[Information shown]
========================================================================

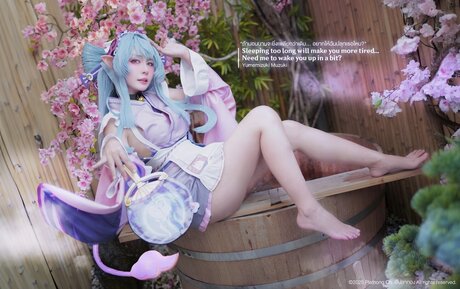 Plathong model hd photo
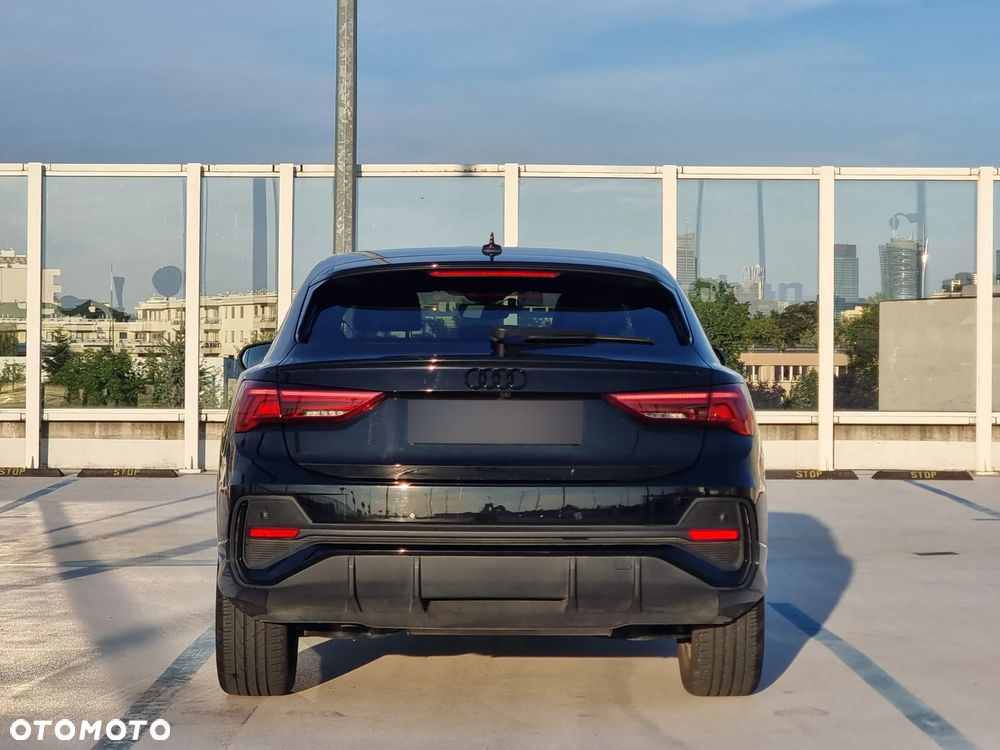 Audi Q3 Sportback - 5
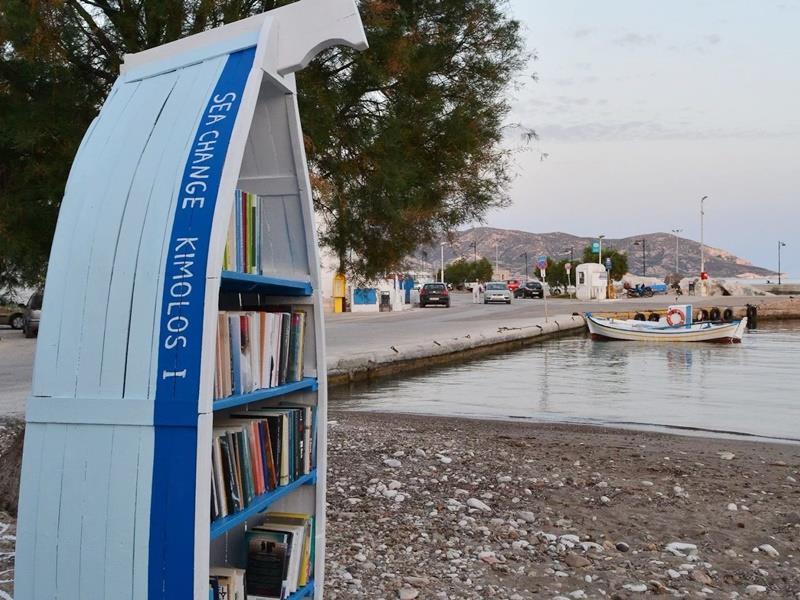 Βάρκες λειτουργούν ως δανειστικές βιβλιοθήκες στην Κίμωλο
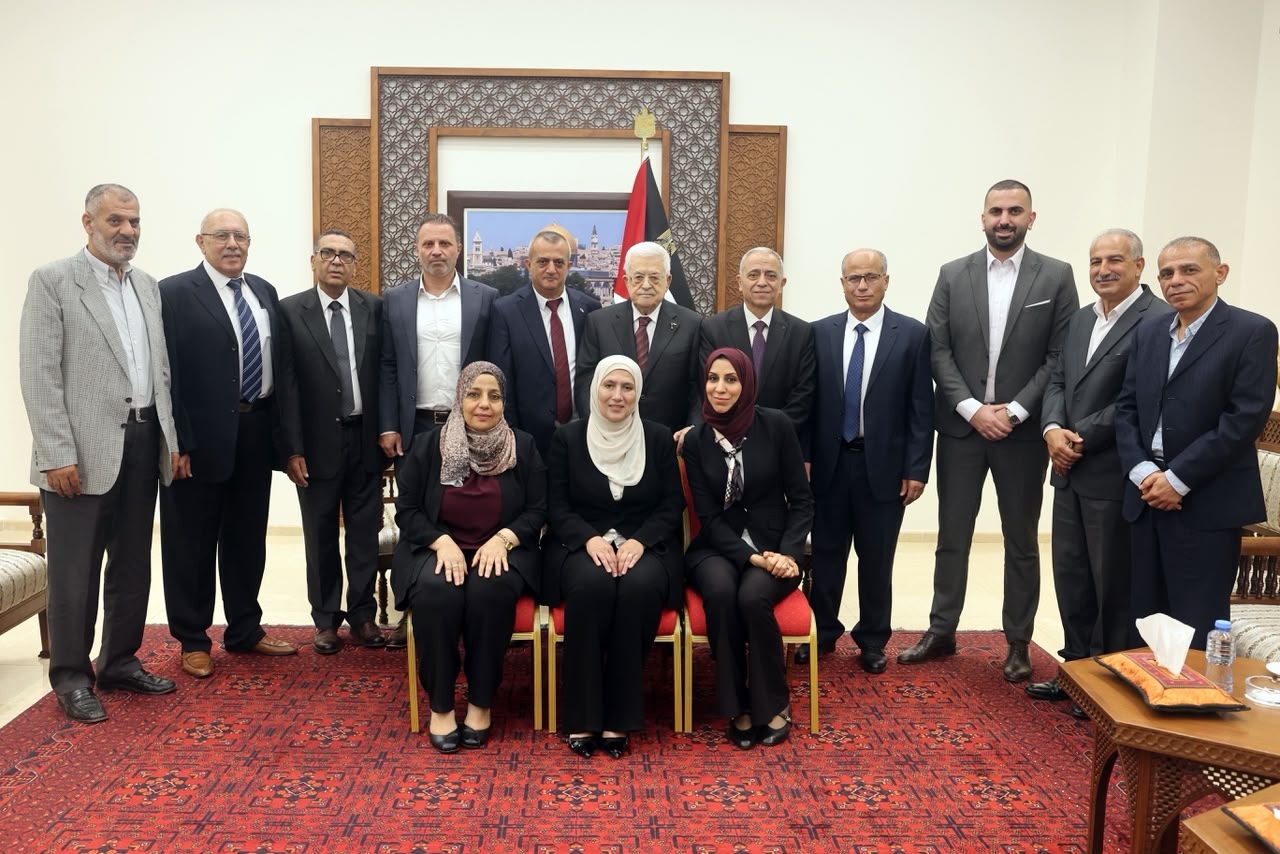الرئيس محمود عباس يستقبل رئيس المجلس البلدي في طولكرم وأعضاءه المنتخبين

========================================================================

[What the exercise asks] Each line of the data should be quoted exactly, with pictures left out.

[Answer to this exercise]
 Plathong model hd photo
 Audi Q3 Sportback - 5
 Βάρκες λειτουργούν ως δανειστικές βιβλιοθήκες στην Κίμωλο
الرئيس محمود عباس يستقبل رئيس المجلس البلدي في طولكرم وأعضاءه المنتخبين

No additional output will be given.